The problem:
Nothing but an exact copy of the data should be output.

Dataset content:

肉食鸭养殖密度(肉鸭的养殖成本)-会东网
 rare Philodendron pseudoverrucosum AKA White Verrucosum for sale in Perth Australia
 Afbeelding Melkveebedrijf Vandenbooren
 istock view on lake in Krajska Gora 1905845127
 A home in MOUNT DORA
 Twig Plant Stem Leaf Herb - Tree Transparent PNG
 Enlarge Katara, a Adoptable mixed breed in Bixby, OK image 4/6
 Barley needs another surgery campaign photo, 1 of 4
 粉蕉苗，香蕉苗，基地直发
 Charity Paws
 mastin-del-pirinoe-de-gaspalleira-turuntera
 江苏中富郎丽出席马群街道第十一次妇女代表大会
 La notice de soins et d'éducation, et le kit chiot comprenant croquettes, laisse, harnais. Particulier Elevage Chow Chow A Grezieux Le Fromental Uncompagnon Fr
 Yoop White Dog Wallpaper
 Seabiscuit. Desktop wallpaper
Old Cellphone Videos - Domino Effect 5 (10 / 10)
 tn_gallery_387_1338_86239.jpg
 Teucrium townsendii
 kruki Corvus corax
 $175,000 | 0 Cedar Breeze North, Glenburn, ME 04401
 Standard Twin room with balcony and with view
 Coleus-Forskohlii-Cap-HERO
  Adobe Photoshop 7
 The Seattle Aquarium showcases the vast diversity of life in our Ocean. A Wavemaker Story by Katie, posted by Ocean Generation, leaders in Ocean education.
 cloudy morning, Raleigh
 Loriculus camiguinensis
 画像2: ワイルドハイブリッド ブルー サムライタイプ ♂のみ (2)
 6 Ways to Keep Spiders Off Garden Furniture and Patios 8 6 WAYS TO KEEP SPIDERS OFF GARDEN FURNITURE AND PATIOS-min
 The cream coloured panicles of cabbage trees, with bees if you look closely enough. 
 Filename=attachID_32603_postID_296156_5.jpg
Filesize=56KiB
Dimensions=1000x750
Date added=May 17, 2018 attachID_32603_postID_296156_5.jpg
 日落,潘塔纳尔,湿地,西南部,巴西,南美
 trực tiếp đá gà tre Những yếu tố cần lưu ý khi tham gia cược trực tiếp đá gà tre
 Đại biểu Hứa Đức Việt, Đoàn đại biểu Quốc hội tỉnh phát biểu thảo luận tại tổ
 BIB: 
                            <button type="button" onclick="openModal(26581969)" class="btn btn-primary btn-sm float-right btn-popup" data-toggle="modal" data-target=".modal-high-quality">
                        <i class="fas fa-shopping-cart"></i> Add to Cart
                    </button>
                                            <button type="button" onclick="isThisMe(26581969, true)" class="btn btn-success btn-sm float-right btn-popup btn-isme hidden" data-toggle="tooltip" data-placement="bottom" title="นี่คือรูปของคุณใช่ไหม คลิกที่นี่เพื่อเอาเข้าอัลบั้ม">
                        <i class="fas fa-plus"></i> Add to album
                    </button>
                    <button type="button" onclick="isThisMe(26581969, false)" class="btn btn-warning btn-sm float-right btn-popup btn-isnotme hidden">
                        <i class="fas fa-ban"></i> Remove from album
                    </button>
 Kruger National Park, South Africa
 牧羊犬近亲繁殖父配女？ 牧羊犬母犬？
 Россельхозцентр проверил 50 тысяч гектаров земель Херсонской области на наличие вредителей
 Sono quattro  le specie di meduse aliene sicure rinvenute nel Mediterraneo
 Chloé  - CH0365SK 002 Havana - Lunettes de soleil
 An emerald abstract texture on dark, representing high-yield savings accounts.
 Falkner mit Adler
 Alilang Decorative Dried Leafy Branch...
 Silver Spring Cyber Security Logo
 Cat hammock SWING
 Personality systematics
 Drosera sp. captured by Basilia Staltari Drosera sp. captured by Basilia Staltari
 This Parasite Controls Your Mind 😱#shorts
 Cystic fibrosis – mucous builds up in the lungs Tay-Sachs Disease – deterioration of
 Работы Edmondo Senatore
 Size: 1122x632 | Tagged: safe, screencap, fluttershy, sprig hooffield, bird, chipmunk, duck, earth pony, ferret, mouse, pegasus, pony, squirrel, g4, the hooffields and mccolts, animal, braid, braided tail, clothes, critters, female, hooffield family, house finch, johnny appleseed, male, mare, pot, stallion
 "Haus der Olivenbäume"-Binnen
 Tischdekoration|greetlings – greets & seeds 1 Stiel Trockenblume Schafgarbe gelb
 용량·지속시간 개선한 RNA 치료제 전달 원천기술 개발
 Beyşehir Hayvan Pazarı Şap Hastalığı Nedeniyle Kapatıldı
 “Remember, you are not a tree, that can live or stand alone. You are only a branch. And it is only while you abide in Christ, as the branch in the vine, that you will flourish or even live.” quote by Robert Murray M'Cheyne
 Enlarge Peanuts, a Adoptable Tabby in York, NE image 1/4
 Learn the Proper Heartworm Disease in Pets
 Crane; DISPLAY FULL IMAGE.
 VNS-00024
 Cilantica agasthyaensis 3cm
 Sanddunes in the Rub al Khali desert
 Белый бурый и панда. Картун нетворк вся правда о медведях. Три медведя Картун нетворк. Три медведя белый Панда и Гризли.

Response to the exercise:
肉食鸭养殖密度(肉鸭的养殖成本)-会东网
 rare Philodendron pseudoverrucosum AKA White Verrucosum for sale in Perth Australia
 Afbeelding Melkveebedrijf Vandenbooren
 istock view on lake in Krajska Gora 1905845127
 A home in MOUNT DORA
 Twig Plant Stem Leaf Herb - Tree Transparent PNG
 Enlarge Katara, a Adoptable mixed breed in Bixby, OK image 4/6
 Barley needs another surgery campaign photo, 1 of 4
 粉蕉苗，香蕉苗，基地直发
 Charity Paws
 mastin-del-pirinoe-de-gaspalleira-turuntera
 江苏中富郎丽出席马群街道第十一次妇女代表大会
 La notice de soins et d'éducation, et le kit chiot comprenant croquettes, laisse, harnais. Particulier Elevage Chow Chow A Grezieux Le Fromental Uncompagnon Fr
 Yoop White Dog Wallpaper
 Seabiscuit. Desktop wallpaper
Old Cellphone Videos - Domino Effect 5 (10 / 10)
 tn_gallery_387_1338_86239.jpg
 Teucrium townsendii
 kruki Corvus corax
 $175,000 | 0 Cedar Breeze North, Glenburn, ME 04401
 Standard Twin room with balcony and with view
 Coleus-Forskohlii-Cap-HERO
  Adobe Photoshop 7
 The Seattle Aquarium showcases the vast diversity of life in our Ocean. A Wavemaker Story by Katie, posted by Ocean Generation, leaders in Ocean education.
 cloudy morning, Raleigh
 Loriculus camiguinensis
 画像2: ワイルドハイブリッド ブルー サムライタイプ ♂のみ (2)
 6 Ways to Keep Spiders Off Garden Furniture and Patios 8 6 WAYS TO KEEP SPIDERS OFF GARDEN FURNITURE AND PATIOS-min
 The cream coloured panicles of cabbage trees, with bees if you look closely enough. 
 Filename=attachID_32603_postID_296156_5.jpg
Filesize=56KiB
Dimensions=1000x750
Date added=May 17, 2018 attachID_32603_postID_296156_5.jpg
 日落,潘塔纳尔,湿地,西南部,巴西,南美
 trực tiếp đá gà tre Những yếu tố cần lưu ý khi tham gia cược trực tiếp đá gà tre
 Đại biểu Hứa Đức Việt, Đoàn đại biểu Quốc hội tỉnh phát biểu thảo luận tại tổ
 BIB: 
                            <button type="button" onclick="openModal(26581969)" class="btn btn-primary btn-sm float-right btn-popup" data-toggle="modal" data-target=".modal-high-quality">
                        <i class="fas fa-shopping-cart"></i> Add to Cart
                    </button>
                                            <button type="button" onclick="isThisMe(26581969, true)" class="btn btn-success btn-sm float-right btn-popup btn-isme hidden" data-toggle="tooltip" data-placement="bottom" title="นี่คือรูปของคุณใช่ไหม คลิกที่นี่เพื่อเอาเข้าอัลบั้ม">
                        <i class="fas fa-plus"></i> Add to album
                    </button>
                    <button type="button" onclick="isThisMe(26581969, false)" class="btn btn-warning btn-sm float-right btn-popup btn-isnotme hidden">
                        <i class="fas fa-ban"></i> Remove from album
                    </button>
 Kruger National Park, South Africa
 牧羊犬近亲繁殖父配女？ 牧羊犬母犬？
 Россельхозцентр проверил 50 тысяч гектаров земель Херсонской области на наличие вредителей
 Sono quattro  le specie di meduse aliene sicure rinvenute nel Mediterraneo
 Chloé  - CH0365SK 002 Havana - Lunettes de soleil
 An emerald abstract texture on dark, representing high-yield savings accounts.
 Falkner mit Adler
 Alilang Decorative Dried Leafy Branch...
 Silver Spring Cyber Security Logo
 Cat hammock SWING
 Personality systematics
 Drosera sp. captured by Basilia Staltari Drosera sp. captured by Basilia Staltari
 This Parasite Controls Your Mind 😱#shorts
 Cystic fibrosis – mucous builds up in the lungs Tay-Sachs Disease – deterioration of
 Работы Edmondo Senatore
 Size: 1122x632 | Tagged: safe, screencap, fluttershy, sprig hooffield, bird, chipmunk, duck, earth pony, ferret, mouse, pegasus, pony, squirrel, g4, the hooffields and mccolts, animal, braid, braided tail, clothes, critters, female, hooffield family, house finch, johnny appleseed, male, mare, pot, stallion
 "Haus der Olivenbäume"-Binnen
 Tischdekoration|greetlings – greets & seeds 1 Stiel Trockenblume Schafgarbe gelb
 용량·지속시간 개선한 RNA 치료제 전달 원천기술 개발
 Beyşehir Hayvan Pazarı Şap Hastalığı Nedeniyle Kapatıldı
 “Remember, you are not a tree, that can live or stand alone. You are only a branch. And it is only while you abide in Christ, as the branch in the vine, that you will flourish or even live.” quote by Robert Murray M'Cheyne
 Enlarge Peanuts, a Adoptable Tabby in York, NE image 1/4
 Learn the Proper Heartworm Disease in Pets
 Crane; DISPLAY FULL IMAGE.
 VNS-00024
 Cilantica agasthyaensis 3cm
 Sanddunes in the Rub al Khali desert
 Белый бурый и панда. Картун нетворк вся правда о медведях. Три медведя Картун нетворк. Три медведя белый Панда и Гризли.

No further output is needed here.